◆ **GOAL OF THE EXERCISE**:
Copy the first line of the material below and every later line through the line containing "Cercaria larvae emerge", without any other output.

◆ **GIVEN RECORDS**:

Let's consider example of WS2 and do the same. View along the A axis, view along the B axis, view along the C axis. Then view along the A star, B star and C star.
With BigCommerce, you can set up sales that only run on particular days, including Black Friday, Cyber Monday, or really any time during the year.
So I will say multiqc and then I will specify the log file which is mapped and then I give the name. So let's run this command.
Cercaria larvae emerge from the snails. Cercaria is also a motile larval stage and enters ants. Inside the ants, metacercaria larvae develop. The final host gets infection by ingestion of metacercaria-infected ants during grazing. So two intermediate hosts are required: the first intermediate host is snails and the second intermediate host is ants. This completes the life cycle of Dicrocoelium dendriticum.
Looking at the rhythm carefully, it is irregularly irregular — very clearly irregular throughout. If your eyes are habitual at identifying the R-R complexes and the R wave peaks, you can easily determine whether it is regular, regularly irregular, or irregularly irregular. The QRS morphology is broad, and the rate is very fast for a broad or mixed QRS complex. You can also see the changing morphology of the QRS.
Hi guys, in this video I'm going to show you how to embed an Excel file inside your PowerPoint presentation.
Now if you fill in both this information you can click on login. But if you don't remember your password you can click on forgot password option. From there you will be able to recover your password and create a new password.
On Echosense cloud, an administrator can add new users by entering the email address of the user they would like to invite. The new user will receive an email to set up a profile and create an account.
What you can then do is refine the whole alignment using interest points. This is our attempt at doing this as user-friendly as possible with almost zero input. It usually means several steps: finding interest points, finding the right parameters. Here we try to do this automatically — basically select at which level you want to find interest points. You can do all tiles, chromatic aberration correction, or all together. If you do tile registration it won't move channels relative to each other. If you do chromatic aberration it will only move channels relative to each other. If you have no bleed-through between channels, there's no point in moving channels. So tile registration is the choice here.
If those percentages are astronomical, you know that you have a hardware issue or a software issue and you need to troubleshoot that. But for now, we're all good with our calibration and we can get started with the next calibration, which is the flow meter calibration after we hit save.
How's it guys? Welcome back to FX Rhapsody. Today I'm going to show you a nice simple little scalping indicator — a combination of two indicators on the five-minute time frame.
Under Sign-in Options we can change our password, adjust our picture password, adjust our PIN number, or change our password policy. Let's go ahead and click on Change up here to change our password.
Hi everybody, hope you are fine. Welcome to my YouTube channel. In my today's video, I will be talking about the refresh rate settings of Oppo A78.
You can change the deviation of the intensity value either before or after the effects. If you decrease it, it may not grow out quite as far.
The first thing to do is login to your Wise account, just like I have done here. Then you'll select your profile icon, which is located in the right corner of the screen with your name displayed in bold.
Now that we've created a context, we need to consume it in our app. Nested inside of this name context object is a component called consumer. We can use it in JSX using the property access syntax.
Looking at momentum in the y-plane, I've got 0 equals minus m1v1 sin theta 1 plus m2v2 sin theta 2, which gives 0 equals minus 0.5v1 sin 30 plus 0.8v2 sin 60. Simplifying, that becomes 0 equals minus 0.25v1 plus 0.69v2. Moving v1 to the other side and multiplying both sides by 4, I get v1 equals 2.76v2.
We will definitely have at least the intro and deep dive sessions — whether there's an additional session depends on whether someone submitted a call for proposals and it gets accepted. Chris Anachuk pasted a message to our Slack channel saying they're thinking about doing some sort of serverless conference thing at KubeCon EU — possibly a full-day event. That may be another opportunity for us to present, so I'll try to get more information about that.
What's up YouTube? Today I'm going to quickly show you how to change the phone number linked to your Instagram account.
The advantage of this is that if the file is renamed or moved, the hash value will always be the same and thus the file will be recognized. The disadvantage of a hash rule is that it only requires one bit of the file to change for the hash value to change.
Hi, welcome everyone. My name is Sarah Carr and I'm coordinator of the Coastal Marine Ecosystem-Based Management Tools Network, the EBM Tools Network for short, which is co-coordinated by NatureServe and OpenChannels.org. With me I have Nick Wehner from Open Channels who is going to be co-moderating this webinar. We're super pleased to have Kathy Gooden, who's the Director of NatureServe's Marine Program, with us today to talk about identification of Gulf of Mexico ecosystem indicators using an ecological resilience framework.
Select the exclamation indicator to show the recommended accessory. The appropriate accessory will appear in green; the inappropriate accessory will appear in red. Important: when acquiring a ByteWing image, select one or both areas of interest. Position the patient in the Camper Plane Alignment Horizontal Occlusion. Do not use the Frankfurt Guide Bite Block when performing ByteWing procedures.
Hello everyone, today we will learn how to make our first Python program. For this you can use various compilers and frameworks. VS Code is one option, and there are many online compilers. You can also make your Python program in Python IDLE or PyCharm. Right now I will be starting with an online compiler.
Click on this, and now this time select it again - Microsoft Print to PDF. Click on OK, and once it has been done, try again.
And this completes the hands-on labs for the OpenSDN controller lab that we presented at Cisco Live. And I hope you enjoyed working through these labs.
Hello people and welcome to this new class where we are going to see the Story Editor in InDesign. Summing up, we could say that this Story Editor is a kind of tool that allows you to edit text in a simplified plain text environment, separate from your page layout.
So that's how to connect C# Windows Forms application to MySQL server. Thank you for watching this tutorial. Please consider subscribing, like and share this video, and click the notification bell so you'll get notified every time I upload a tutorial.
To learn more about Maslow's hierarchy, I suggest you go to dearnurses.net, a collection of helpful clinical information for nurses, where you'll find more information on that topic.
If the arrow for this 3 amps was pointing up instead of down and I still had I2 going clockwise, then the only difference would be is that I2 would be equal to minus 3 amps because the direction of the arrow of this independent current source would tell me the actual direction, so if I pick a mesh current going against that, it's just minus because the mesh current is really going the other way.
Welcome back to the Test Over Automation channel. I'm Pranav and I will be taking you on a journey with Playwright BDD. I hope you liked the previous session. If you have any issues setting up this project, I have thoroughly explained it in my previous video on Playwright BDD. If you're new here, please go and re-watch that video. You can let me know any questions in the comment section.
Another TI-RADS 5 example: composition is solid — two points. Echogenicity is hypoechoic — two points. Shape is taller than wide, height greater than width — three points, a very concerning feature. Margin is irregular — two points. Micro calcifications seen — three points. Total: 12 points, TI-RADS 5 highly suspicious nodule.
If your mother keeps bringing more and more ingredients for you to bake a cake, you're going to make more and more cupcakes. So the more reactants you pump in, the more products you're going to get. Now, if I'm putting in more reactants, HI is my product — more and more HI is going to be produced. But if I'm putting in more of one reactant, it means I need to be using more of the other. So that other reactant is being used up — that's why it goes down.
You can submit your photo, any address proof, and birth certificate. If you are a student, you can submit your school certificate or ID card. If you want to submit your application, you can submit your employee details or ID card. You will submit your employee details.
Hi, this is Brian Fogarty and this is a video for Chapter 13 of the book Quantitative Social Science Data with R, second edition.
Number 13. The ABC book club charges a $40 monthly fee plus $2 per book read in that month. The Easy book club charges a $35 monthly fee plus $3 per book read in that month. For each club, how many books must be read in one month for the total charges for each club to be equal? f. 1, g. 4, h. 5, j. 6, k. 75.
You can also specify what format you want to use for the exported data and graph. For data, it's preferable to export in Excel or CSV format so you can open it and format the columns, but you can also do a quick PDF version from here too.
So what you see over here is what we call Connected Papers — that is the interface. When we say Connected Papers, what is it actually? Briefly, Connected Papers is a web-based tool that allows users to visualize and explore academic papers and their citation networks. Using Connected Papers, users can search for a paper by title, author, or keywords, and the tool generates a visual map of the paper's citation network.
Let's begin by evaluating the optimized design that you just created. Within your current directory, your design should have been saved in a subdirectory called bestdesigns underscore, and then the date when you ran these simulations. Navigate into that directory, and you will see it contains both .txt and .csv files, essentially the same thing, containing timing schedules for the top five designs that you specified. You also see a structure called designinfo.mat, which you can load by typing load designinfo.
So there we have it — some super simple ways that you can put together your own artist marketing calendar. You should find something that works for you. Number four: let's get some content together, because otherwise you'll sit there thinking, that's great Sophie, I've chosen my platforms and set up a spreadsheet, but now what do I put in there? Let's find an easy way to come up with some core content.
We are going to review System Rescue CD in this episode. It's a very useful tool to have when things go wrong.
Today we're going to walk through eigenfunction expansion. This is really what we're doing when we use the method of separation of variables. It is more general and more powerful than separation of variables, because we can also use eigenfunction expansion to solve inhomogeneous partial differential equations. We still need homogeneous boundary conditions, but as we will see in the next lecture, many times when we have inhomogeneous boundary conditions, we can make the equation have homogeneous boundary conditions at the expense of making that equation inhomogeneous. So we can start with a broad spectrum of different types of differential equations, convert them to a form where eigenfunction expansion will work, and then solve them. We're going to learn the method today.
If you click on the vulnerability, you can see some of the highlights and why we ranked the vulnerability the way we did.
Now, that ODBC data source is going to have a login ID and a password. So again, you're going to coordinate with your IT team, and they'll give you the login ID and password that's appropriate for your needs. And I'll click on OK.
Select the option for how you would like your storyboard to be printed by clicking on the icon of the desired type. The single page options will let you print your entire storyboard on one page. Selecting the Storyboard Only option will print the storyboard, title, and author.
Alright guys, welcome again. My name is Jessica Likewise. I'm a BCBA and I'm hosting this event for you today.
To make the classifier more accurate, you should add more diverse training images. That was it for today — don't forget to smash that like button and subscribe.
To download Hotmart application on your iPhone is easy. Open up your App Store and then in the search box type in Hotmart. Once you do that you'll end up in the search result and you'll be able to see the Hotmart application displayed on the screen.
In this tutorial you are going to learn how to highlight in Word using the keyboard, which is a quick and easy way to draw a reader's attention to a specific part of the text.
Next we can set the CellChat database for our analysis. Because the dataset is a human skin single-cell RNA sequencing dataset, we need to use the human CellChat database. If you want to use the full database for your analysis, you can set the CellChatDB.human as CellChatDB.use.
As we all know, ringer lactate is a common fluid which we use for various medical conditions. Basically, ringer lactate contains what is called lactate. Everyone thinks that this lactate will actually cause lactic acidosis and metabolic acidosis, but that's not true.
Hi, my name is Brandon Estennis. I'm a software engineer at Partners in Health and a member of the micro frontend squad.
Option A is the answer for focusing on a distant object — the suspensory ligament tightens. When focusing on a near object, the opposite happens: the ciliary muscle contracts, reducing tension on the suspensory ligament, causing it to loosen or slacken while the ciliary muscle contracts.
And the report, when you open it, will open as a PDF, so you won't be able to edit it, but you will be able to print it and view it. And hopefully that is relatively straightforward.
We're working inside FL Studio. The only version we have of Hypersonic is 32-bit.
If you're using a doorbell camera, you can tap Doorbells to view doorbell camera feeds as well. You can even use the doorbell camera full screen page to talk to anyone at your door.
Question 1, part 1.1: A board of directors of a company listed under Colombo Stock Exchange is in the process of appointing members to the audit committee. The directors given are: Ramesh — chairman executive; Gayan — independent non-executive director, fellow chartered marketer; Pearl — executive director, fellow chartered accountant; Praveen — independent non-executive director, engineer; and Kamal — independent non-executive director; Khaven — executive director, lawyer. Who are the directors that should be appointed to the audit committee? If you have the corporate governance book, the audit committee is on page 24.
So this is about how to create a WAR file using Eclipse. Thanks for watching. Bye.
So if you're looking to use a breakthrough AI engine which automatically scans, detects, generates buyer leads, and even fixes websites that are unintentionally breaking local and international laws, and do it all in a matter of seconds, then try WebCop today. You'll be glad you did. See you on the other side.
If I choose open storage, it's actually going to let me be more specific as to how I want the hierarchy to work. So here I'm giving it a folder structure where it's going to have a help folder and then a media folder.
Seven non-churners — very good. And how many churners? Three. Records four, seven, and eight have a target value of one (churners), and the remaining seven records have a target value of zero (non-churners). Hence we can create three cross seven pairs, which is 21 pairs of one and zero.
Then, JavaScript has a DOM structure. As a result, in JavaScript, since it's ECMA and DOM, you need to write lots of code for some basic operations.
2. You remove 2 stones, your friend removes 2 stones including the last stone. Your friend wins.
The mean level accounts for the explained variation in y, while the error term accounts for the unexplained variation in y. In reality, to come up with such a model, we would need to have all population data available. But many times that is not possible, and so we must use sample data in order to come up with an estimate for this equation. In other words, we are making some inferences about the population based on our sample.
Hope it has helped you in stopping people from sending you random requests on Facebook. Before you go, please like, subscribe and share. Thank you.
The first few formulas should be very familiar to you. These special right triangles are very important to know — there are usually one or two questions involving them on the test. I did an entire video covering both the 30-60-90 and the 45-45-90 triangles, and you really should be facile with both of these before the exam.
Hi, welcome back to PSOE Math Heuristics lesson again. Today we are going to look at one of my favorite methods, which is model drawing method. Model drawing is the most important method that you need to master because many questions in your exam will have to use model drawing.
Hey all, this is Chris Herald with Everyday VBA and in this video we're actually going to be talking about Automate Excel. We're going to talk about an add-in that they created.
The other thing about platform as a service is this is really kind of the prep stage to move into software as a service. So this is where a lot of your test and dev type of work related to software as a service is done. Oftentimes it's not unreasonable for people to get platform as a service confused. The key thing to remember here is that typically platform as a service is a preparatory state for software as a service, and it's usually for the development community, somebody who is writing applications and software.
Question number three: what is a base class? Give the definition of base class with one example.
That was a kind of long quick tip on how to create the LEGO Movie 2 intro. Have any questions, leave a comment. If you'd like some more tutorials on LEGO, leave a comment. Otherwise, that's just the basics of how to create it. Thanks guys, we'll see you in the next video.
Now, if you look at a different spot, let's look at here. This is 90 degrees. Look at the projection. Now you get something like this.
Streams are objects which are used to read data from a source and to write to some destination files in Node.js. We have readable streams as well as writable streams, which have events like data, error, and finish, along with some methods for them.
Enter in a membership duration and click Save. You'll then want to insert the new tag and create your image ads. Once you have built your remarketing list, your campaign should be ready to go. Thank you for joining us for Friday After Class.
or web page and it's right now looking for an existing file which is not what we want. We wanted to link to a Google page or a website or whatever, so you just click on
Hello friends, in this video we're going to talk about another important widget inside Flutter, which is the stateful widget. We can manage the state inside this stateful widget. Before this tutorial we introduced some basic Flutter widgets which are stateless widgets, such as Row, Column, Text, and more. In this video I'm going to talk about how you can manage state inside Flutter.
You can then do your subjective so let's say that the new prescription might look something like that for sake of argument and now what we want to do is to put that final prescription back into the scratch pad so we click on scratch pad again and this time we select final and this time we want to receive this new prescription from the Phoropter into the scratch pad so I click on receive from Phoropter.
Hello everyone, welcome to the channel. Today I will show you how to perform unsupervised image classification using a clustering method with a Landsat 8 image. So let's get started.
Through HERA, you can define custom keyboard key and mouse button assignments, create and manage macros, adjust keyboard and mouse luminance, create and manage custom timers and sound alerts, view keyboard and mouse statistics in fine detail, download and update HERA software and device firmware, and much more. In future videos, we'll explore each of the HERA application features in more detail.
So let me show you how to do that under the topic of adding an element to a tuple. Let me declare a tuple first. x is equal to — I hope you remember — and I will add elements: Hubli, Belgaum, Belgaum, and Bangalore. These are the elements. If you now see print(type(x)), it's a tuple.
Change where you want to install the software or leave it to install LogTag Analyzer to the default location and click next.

◆ **SOLUTION TO THIS PROBLEM**:
Let's consider example of WS2 and do the same. View along the A axis, view along the B axis, view along the C axis. Then view along the A star, B star and C star.
With BigCommerce, you can set up sales that only run on particular days, including Black Friday, Cyber Monday, or really any time during the year.
So I will say multiqc and then I will specify the log file which is mapped and then I give the name. So let's run this command.
Cercaria larvae emerge from the snails. Cercaria is also a motile larval stage and enters ants. Inside the ants, metacercaria larvae develop. The final host gets infection by ingestion of metacercaria-infected ants during grazing. So two intermediate hosts are required: the first intermediate host is snails and the second intermediate host is ants. This completes the life cycle of Dicrocoelium dendriticum.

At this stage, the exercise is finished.